My Poetry Corner January 2016 features the poem “History Shelves” by Caribbean-American poet Sassy Ross. Born in St. Lucia, at the age of ten, she moved to the USA where she lives in New York City. From a sample of fifteen of her poems, recently published in Coming Up Hot: Eight New Poets from the Caribbean by Peekash Press, this poem explores the poet’s troubled relationship with her father. Using the bookcase filled with “books dense as stone tablets / on a pharaoh’s tomb,” in their family room, Ross recalls those early years of their history together.

The poet’s memory of her father is enmeshed with the drug culture in the Caribbean in the 1980s. In her poem “The Rottweiler,” she and her mother go in search of her father the drug addict. Late at night, their Rottweiler alerts them when her father returns home like “a thief who had his own set of keys.”

In the first stanza of “History Shelves,” Ross describes her father as a man who had once hungered for knowledge.

I’d almost forgotten the volumes that we kept
in that solid case of oak catty-cornered
from the sofa, a floral ode to polyester

In the early years, he read aloud to her: “while I jabbed questions into his side.” She became “a junkie for words I could not pronounce.”

Later, in grappling with his drug addiction, she feared that she would end up like him. After all, they were “both cut from the same cloth.” Thanks to prayer and her belief in a power greater than herself, she did not succumb to his fate.

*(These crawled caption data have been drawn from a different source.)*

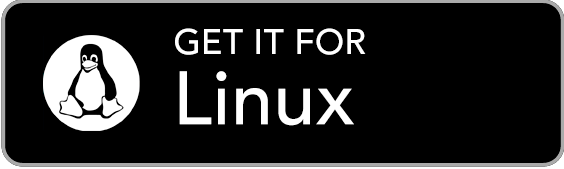 Download Thirsty Nellan for Linux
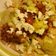 El cooksnap de ₵♡Ϛ❘Ν₳ νΕ₲α₪Ⓐ✍. Salvador. cuando hizo Nachos con chilorio.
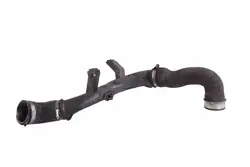 Tubo intercooler AUDI TT (8J3) 1.8L 2012 1K0145834AM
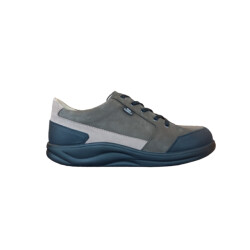 FinnComfort Huaraz 01174
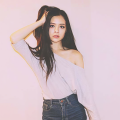 Jasmine Clarke、Casey Breves、Kurt Hugo Schneider - 告白气球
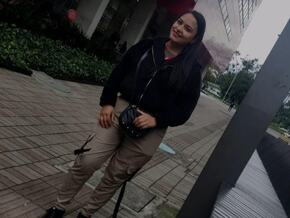 SharonRodrigue733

I have not cursed the gods. I have not dissembled.
Though we were made from the same cloth,
I have not transgressed. My voice was not loud
as I appealed to the ibis-headed Thoth,
assembled boards into an altar.

Her father’s addiction shook her world, destroying their relationship. Whenever her father awoke from “[fighting] demons in his sleep,” he “bent words, usurped the role of deity / to whom I pled.”

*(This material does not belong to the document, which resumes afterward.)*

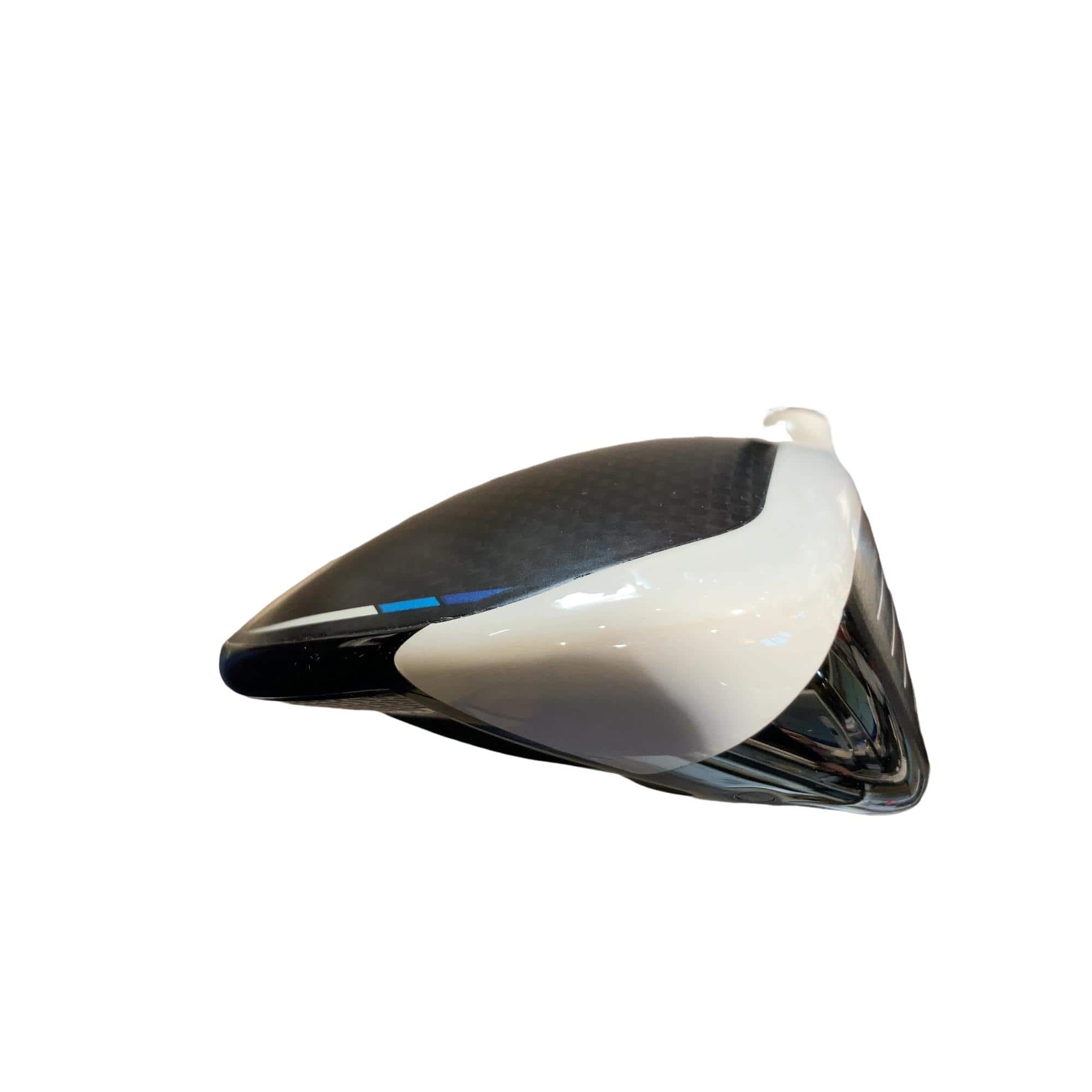 �r�h�l�Q�@�l�`�w�@�T�v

In remembering their early history of sharing love for words and knowledge, Ross is able to reconnect with what her father’s drug addiction had stolen from her. She concludes:

I’d almost forgotten the volumes that we lost.

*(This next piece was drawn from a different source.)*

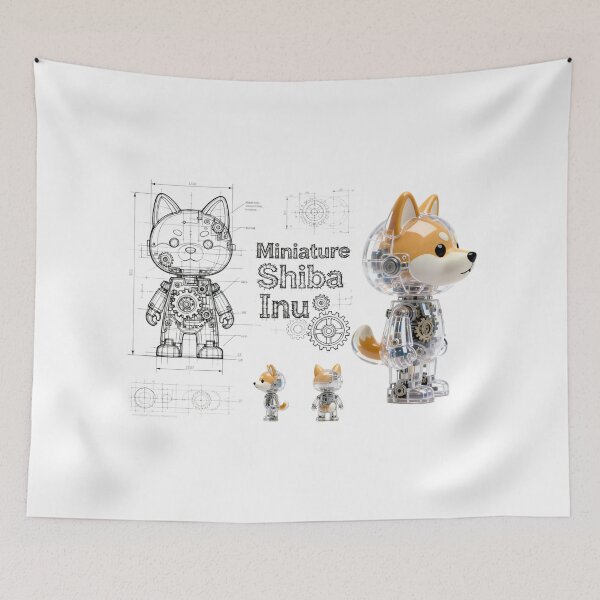 Item preview, Toys Story designed and sold by forget45studio.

Whether fueled by drugs or alcohol, domestic violence destroys filial relationships. My father, who became violent when drunk – alcohol released the demon in him – also loved books and reading: his legacy to me. Like Ross, “I have not transgressed.” I did not partake of the firewater that flowed freely in Guyana’s rum culture.

Forgiveness came with time and distance. The “volumes lost” cannot be replaced. A shelf stands bare.